Il secondo motivo è parzialmente connesso con il primo, essendo incentrato sulla antecedenza cronologica dei contratti in esame alla L. n. 144 del 1989, che aveva introdotto una frattura nel rapporto organico fra l’Amministrazione e l’operato dei suoi amministratori, circostanza questa che, nella vigenza dell’automatico riferimento alla prima dell’attività di questi ultimi, avrebbe escluso ogni obbligo di controllo rispetto ad un atto alla cui formazione, sia pur viziata, la parte privata era rimasta estranea.

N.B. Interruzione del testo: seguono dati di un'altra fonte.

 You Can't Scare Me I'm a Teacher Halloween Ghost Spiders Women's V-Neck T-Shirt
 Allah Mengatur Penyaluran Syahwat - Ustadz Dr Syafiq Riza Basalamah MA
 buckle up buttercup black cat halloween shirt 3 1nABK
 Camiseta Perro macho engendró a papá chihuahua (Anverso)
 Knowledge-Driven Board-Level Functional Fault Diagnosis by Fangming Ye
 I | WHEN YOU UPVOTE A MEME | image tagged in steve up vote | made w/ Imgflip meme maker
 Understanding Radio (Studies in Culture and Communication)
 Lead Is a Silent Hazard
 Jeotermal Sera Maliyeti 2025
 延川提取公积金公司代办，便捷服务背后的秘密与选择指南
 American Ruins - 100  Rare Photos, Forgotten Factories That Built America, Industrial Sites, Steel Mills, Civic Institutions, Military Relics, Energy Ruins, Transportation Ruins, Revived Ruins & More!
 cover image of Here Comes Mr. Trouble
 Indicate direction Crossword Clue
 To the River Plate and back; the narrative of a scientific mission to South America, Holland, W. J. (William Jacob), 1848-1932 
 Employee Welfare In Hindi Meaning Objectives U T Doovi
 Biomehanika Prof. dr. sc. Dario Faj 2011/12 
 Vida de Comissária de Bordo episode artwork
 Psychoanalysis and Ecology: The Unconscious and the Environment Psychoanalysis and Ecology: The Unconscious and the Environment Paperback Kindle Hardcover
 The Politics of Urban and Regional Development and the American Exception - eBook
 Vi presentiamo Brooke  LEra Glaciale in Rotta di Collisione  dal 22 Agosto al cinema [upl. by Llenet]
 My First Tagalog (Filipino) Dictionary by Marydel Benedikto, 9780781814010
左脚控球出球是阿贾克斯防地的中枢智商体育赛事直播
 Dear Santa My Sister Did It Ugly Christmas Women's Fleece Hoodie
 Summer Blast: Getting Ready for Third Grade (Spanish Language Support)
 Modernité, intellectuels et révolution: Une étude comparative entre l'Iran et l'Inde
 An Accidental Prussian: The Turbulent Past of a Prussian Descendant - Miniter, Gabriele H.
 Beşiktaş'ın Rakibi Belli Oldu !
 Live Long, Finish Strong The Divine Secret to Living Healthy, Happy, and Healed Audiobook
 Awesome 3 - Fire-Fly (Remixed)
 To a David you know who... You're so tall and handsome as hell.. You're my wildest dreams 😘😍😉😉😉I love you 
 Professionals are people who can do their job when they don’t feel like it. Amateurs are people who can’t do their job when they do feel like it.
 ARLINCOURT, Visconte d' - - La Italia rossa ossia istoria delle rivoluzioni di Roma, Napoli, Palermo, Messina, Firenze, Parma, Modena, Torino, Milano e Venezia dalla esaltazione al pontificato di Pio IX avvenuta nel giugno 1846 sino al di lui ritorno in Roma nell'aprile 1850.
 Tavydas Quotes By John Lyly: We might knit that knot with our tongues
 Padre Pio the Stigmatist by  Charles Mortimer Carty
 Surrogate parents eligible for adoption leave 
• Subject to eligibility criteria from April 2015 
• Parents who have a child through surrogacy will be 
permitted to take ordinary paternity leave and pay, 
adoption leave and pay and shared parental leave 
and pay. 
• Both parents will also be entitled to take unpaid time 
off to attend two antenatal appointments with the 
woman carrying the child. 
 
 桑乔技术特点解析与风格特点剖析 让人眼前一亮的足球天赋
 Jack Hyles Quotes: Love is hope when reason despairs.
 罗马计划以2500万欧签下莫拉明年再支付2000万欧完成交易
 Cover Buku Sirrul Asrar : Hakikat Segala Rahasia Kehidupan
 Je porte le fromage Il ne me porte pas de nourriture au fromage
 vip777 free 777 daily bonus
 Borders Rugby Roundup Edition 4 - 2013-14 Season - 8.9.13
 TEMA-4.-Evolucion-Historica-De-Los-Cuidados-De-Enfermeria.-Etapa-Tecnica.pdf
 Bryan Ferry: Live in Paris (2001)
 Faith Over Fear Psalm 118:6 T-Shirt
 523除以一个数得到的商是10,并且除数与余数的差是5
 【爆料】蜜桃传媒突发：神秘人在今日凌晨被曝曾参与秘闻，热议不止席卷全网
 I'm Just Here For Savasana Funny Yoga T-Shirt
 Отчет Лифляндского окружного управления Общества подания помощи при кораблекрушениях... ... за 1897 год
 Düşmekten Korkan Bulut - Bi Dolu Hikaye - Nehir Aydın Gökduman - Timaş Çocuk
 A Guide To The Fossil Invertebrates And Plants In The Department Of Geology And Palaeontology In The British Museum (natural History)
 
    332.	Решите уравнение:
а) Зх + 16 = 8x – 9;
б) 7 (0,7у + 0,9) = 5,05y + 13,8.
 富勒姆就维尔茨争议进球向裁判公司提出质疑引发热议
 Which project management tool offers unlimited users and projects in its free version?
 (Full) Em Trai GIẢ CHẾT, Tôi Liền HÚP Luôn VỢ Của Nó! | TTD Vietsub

La Corte di appello, per vero, era già stata investita della questione, risolta negativamente in ragione del fatto che l’accertata invalidità di un contratto stipulato anche dalla P.A. avrebbe comportato solo la possibilità di chiedere il pagamento di un indennizzo a titolo di indebito arricchimento, e non anche quella di chiedere la condanna all’esecuzione del contratto, sicchè la doglianza, focalizzata come detto sull’irrilevanza dell’iter procedimentale della P.A. per il privato e l’inesistenza a suo carico di un obbligo di controllo, appare generica e non in sintonia con la “ratio decidendi”, poichè sviluppata sostanzialmente sulla inopponibilità del vizio. Peraltro nel merito risulta infondata sotto un duplice aspetto, e cioè in quanto: a) la questione non è quella – di connotazione pubblicistica – se sia o meno configurabile un obbligo di controllo a carico del privato in ordine ad un atto emesso all’esito di un procedimento amministrativo, ma quella – di rilevanza privatistica – se si sia o meno verificata la condizione cui la legge subordina l’efficacia del contratto, in modo tale che questo possa costituire fonte di obbligazione per i contraenti; b) contrariamente a quanto sostenuto, i vizi del procedimento amministrativo che accompagnano il compimento dell’attività negoziale della P.A. sono rilevabili soltanto da quest’ultima, essendo prescritte le formalità omesse nel suo esclusivo interesse (C. 06/21019, C. 89/1682, C. 84/1578, C. 72/244, C. 70/1061, C. 62/1092).

Il quarto motivo di impugnazione è poi inammissibile, essendo sostanzialmente privo di censura, atteso che l’omessa pronuncia di condanna per le obbligazioni accessorie (pagamento dell’IVA e maggior credito per danno da rivalutazione monetaria) è riconducibile al mancato riconoscimento del credito principale da inadempimento contrattuale, che ha determinato l’assorbimento delle ulteriori domande.

Resta infine il quinto ed ultimo motivo relativo all’affermata inammissibilità della domanda di indebito arricchimento, statuizione che appare viceversa corretta tenuto conto che nel giudizio di cognizione instaurato a seguito di opposizione a decreto ingiuntivo l’opposto, rivestendo la posizione sostanziale di attore, non può far valere domande diverse da quelle originariamente rappresentate (C. 03/17440, C. 02/14267), ne si tratta nella specie di riconvenzionale conseguente ad una riconvenzionale dell’opponente (che al contrario non ha formulato alcuna domanda), ipotesi sola che, astrattamente, avrebbe potuto consentire una deroga al principio sopra indicato (C. 07/8077, C. 06/21245).

Conclusivamente il ricorso va rigettato, con condanna della ricorrente, soccombente, al pagamento delle spese processuali del presente giudizio, liquidate in dispositivo.

P.Q.M.

Rigetta il ricorso e condanna la ricorrente al pagamento delle spese del presente giudizio, liquidate in Euro 30.200, di cui Euro 200 per esborsi, oltre alle spese generali e agli accessori di legge.

Così deciso in Roma, il 12 ottobre 2009.